I actually a very small Knog Hipster Bag ...
But I didn't have it on me because I didn't think the pub would shut so early. I have the horrible orange one because Wiggle didn't have the others in stock.
In my Bournemouth Battle Bag ... I have a light waterproof poncho I got from Aldi for a fiver, some water proof trousers (also from aldi), my glasses just in case I wish to read something (this does not happen very often) and a Kryptonite D-Lock and a Sharpie Felt Tip pen just in case I have to sign some breasts.
UPDATE on Original Post: I was going to buy the ladies a box of maltesers and a small card ... but I went on a detour on the way to Sainsburys too see if I could spot the house and unfortunately I couldn't recognise her house ... there were about 15 that looked exactly the same :(
-
• #64
So, to summarise:
It would have been the most awesome thing if:
Lucas was cycling along when his carrier bag of 6 beers broke and scattered the tinnies asunder, suddenly a friendly lady appears and gives him a massive courier bag containing a 35mm camera, some 7" records *and *a spare tube and pump.

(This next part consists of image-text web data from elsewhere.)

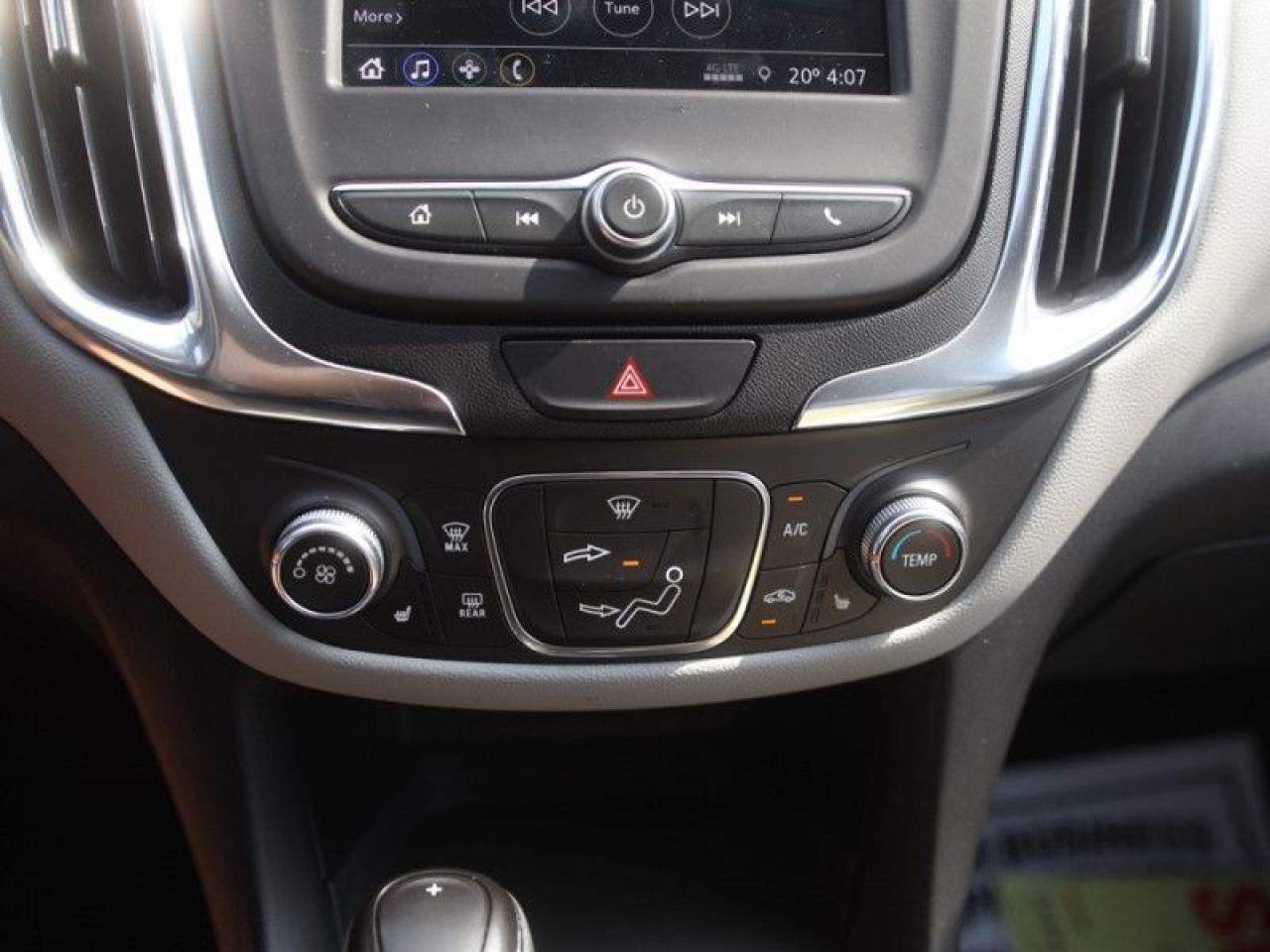 2019 Chevrolet Equinox LS  **LOW KMS - APPLE CP** Photo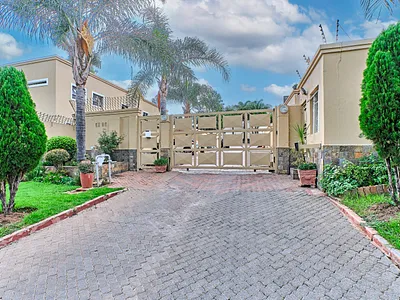 2 Bedroom Townhouse For Sale in Johannesburg - Lw1E.webp
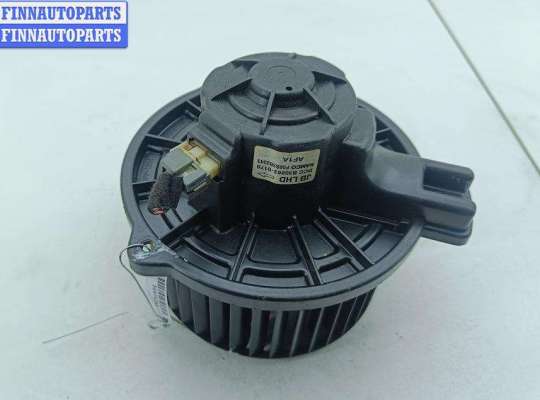 Мотор отопителя на Kia Rio II (JB)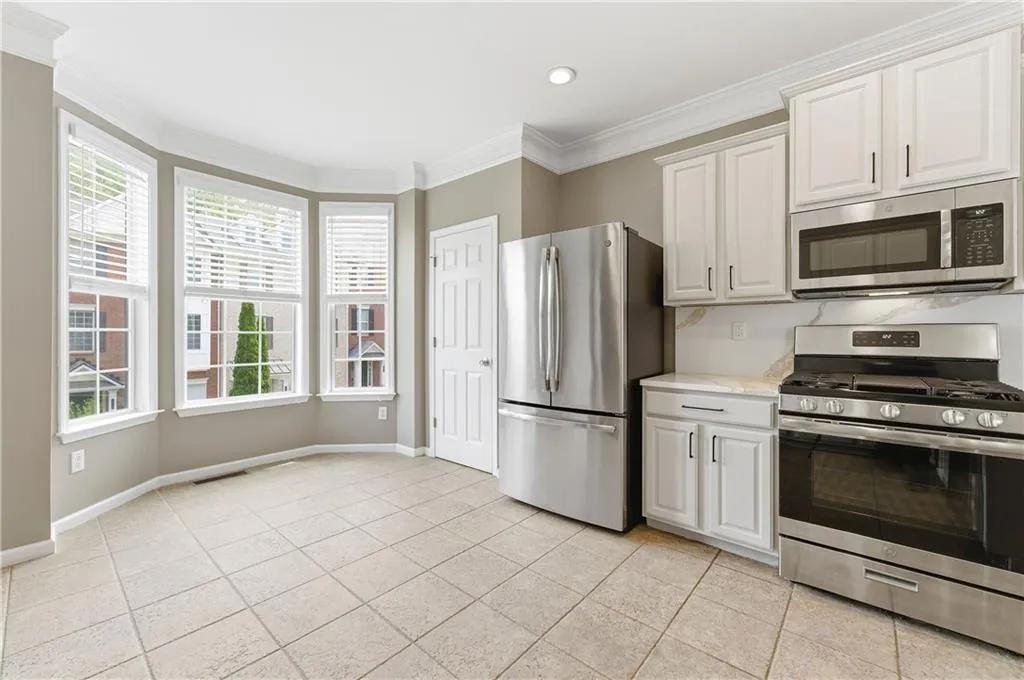 7856 Kiverton Place, Atlanta, Georgia 30350, 3 Bedrooms Bedrooms, ,3 BathroomsBathrooms,Residential,For Sale,7856 Kiverton Place,7749367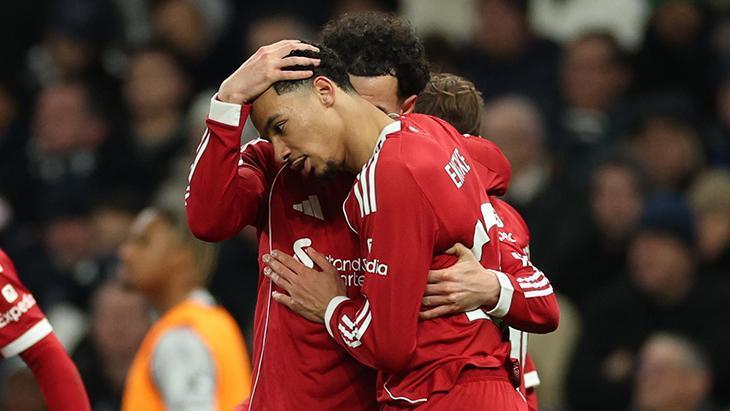 Liverpool, 9 Kişi Kalan Tottenham'ı Deplasmanda Devirdi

Once on his way he is so overwhelmed by this good fortune that he crashes into a pallet of Kit Kats that are all chocolate and no wafer.This has happened ... however I was being chased by a Police Car that was driven by a Integalatic Fresian Space Cow.
-
• #65
-
• #66
Take the piss all you want ;-) ... I thought it was cool. But then again .. my Job is making crappy travel websites for a living :(
-
• #67
Just jokin' fella.
-
• #68
^ I know, Thus the smiley on my post. I have rung the story out it out too far though.
-
• #69
I cycle with a massive* carrier* bag. It doubles as a stowaway jacket.
-
• #70
What is a stowaway jacket .. what do you hide in it?
-
• #71
That is one of my favourite memes ever.
-
• #72
What is a stowaway jacket .. what do you hide in it?
six-pack
-
• #73
of beer? I think that is the only six pack I will ever possess.
-
• #74
Well I think that is awesome. You thought you'd lost the beer, but then you hadn't. Alcohol is a precious resource not to be wasted.
-
• #75
I had one that was leaking .. spraying from a hole .. so I caned it ... not losing my precious ... the longest relationship I have ever had.